Anyhow, just got a job! Hooray! Yesterday was my first day, so I was a little discombobulated, sorry I missed! Hadn’t worked in a while so had to get used to a different pace.
So, speaking of pace, this one is all about pace. You can definitely hear the pace in this one. You know that forever forward march toward mortality. “One day closer to death,” says Pink Floyd. I’m still on the subject of Sound in poetry, so this poem is a study of how the poet uses the sound of the pace of words to imitate the subject of the poem (a watch that just ticks, ticks, ticks, ticks forward every day and all the time). It is almost as if the person has become overcome by the watch, has become the watch, that she has become the watch.

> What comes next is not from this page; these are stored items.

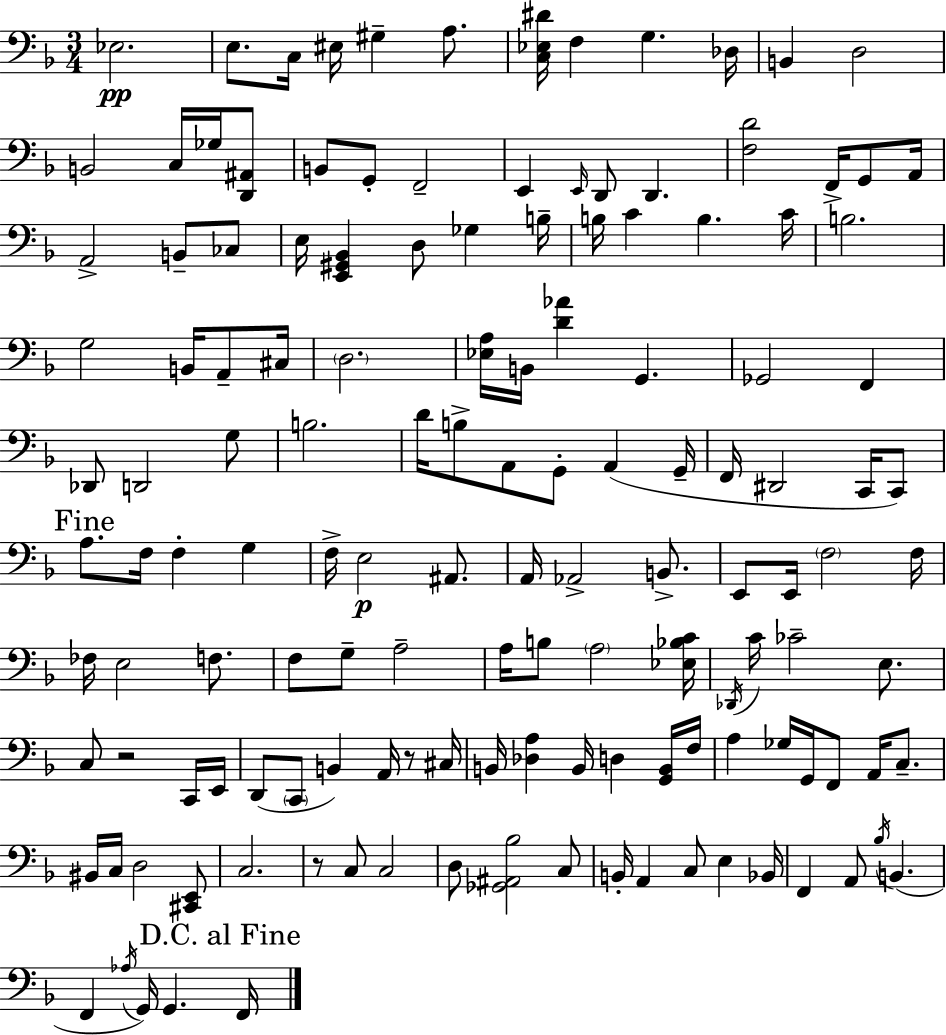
{
  \clef bass
  \numericTimeSignature
  \time 3/4
  \key d \minor
  ees2.\pp | e8. c16 eis16 gis4-- a8. | <c ees dis'>16 f4 g4. des16 | b,4 d2 | \break b,2 c16 ges16 <d, ais,>8 | b,8 g,8-. f,2-- | e,4 \grace { e,16 } d,8 d,4. | <f d'>2 f,16-> g,8 | \break a,16 a,2-> b,8-- ces8 | e16 <e, gis, bes,>4 d8 ges4 | b16-- b16 c'4 b4. | c'16 b2. | \break g2 b,16 a,8-- | cis16 \parenthesize d2. | <ees a>16 b,16 <d' aes'>4 g,4. | ges,2 f,4 | \break des,8 d,2 g8 | b2. | d'16 b8-> a,8 g,8-. a,4( | g,16-- f,16 dis,2 c,16 c,8) | \break \mark "Fine" a8. f16 f4-. g4 | f16-> e2\p ais,8. | a,16 aes,2-> b,8.-> | e,8 e,16 \parenthesize f2 | \break f16 fes16 e2 f8. | f8 g8-- a2-- | a16 b8 \parenthesize a2 | <ees bes c'>16 \acciaccatura { des,16 } c'16 ces'2-- e8. | \break c8 r2 | c,16 e,16 d,8( \parenthesize c,8 b,4) a,16 r8 | cis16 b,16 <des a>4 b,16 d4 | <g, b,>16 f16 a4 ges16 g,16 f,8 a,16 c8.-- | \break bis,16 c16 d2 | <cis, e,>8 c2. | r8 c8 c2 | d8 <ges, ais, bes>2 | \break c8 b,16-. a,4 c8 e4 | bes,16 f,4 a,8 \acciaccatura { bes16 }( b,4. | f,4 \acciaccatura { aes16 } g,16) g,4. | \mark "D.C. al Fine" f,16 \bar "|."
}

She makes it sound as if she is terminally ill, she “wakened on [her] hot, hard bed” and she if feeling a throbbing, even though it comes from the watch, in reading this, I get the feeling that the pain is deeper in her bones and she is ailing “I am so sick, so sick, so sick.” But time just moves forward, forward. It seems to be a terror to her haranguing her with its constant forward motion. At first the poem is speaking in ordinary sentences (though they do seem to have a steady beat), then her words start to imitate the watch (when she rhymes with tick with so sick, so sick, so sick). The last two lines are almost all clock, just a repetition of “come quick, come quick, come quick.” The exclamation mark at the end always makes me progressively read the line louder and louder until it finally hits its dramatic end.
Oh boy, drama.
Here’s the poem. Enjoy!
by Frances Cornford
I wakened on my hot, hard bed,
Upon the pillow lay my head;
Beneath the pillow I could hear
My little watch was ticking clear.
I thought the throbbing of it went
Like my continual discontent.
I thought it said in every tick:
I am so sick, so sick, so sick.
O death, come quick, come quick, come quick,
Come quick, come quick, come quick, come quick!